**How to complete this task**
In the entries below, count every line that has the string "Touring", and answer with that count alone.

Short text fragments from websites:
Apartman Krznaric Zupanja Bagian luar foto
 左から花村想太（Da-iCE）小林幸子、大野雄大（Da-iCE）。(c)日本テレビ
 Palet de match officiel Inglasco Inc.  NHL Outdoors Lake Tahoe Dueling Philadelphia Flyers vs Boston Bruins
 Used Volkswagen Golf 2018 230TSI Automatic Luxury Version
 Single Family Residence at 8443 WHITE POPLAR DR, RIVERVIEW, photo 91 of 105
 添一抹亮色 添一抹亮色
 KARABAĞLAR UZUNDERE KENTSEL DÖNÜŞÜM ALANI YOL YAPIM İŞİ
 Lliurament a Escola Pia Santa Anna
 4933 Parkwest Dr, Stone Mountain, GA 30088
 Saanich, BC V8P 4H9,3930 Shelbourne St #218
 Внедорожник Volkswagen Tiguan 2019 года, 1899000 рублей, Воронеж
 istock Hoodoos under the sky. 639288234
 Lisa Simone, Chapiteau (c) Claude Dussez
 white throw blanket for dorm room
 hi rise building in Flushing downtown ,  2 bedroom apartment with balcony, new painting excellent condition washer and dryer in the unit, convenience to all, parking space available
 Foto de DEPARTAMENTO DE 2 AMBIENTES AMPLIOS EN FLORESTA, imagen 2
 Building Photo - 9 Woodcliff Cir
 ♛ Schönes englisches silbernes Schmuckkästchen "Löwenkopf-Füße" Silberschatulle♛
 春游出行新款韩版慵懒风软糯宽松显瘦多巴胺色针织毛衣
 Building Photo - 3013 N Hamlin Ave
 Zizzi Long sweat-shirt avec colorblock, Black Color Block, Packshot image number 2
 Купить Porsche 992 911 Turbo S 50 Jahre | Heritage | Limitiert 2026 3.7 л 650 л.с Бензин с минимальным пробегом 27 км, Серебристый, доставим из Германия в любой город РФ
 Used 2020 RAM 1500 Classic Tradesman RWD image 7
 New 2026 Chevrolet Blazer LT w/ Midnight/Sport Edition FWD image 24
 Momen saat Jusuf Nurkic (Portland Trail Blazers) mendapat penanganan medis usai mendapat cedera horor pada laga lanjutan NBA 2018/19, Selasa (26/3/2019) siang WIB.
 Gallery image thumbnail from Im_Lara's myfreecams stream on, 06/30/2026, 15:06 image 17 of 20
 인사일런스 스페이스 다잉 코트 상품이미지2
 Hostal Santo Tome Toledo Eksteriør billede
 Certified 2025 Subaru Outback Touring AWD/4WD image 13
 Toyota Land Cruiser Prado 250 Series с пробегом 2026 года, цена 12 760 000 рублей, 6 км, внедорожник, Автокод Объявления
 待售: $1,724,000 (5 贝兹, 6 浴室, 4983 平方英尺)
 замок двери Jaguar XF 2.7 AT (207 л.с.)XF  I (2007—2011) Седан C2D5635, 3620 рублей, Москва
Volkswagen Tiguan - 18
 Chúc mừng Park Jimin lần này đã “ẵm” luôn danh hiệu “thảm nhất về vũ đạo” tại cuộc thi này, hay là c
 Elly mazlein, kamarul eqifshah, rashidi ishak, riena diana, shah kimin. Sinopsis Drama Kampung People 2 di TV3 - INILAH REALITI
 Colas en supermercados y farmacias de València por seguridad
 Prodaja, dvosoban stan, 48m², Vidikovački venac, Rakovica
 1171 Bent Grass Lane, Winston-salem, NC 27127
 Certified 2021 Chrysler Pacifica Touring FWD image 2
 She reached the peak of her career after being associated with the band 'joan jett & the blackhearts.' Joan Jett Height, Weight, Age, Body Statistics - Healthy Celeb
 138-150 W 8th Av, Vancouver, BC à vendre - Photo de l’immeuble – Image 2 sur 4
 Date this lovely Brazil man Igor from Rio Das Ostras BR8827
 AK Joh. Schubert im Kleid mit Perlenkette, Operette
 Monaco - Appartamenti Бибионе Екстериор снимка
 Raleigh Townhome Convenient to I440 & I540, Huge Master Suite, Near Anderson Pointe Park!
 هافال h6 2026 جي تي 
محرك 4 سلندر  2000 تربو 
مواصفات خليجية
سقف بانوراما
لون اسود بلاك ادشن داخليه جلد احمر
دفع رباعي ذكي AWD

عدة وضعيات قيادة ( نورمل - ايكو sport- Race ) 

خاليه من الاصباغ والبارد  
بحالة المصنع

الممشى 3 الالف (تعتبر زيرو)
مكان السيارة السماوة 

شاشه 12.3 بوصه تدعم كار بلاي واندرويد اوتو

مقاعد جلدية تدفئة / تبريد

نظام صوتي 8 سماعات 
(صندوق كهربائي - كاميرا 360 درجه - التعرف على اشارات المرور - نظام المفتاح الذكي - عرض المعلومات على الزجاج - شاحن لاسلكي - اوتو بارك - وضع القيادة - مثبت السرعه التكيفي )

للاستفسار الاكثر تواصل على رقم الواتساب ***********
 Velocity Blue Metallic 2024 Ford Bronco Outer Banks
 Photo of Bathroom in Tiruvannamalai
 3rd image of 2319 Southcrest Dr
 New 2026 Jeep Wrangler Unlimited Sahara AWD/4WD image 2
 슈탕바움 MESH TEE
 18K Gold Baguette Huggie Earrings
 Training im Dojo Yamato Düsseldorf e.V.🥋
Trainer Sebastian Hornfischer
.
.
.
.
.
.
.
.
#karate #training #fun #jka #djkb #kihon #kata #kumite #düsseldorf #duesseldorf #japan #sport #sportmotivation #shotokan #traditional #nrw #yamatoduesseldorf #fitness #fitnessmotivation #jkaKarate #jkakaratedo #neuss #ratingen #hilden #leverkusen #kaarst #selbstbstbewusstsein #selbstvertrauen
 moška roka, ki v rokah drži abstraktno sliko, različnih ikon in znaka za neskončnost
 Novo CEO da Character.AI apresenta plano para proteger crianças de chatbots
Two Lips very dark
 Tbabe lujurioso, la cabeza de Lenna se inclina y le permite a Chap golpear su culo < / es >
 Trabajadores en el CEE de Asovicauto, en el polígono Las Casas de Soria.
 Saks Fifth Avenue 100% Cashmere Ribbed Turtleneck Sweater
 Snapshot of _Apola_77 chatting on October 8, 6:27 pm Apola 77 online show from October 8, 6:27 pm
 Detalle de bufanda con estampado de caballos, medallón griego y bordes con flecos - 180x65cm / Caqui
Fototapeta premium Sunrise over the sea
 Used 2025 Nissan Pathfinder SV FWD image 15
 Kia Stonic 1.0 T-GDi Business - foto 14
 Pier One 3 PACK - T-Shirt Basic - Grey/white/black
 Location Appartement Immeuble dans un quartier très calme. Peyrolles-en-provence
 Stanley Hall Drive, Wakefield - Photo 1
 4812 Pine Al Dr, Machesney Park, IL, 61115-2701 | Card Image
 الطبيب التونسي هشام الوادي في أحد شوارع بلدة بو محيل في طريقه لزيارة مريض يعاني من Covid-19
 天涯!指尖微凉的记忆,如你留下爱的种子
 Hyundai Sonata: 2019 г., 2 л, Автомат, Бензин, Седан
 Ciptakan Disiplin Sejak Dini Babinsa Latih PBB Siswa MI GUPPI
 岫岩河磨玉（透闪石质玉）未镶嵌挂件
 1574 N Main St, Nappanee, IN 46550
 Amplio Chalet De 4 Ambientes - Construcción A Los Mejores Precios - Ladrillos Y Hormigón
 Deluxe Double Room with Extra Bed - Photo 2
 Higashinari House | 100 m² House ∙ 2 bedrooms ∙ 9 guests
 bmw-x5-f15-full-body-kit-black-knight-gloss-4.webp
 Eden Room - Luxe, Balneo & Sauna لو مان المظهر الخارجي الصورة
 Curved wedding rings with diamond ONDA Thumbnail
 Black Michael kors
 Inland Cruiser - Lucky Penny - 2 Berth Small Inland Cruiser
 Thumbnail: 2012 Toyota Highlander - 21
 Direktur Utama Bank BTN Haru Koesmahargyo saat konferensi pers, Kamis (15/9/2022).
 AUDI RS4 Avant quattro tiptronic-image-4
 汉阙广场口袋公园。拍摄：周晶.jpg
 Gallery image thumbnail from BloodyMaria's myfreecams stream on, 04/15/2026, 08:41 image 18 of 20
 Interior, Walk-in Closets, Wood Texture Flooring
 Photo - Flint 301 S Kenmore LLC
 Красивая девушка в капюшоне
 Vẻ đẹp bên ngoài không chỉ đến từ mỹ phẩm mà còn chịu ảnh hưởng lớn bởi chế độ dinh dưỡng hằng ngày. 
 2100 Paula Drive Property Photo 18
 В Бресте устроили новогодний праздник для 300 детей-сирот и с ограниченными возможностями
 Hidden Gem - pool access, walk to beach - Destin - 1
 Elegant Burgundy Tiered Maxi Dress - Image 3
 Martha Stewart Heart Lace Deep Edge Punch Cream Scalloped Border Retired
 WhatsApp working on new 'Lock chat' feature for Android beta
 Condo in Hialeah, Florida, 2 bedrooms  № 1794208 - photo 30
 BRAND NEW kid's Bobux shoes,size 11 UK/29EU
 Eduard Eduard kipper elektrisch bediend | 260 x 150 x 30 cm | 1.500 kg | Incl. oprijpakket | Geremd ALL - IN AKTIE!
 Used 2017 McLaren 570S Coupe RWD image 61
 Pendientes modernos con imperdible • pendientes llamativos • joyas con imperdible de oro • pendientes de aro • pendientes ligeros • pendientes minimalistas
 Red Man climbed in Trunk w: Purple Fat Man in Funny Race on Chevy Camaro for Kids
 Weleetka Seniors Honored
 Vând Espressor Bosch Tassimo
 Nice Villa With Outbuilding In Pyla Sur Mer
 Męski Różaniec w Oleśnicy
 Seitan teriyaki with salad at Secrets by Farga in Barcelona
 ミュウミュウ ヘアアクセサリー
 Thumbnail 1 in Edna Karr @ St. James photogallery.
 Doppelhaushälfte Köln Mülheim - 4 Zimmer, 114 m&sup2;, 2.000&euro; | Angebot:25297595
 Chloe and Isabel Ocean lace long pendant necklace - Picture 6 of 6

**Answer below**
2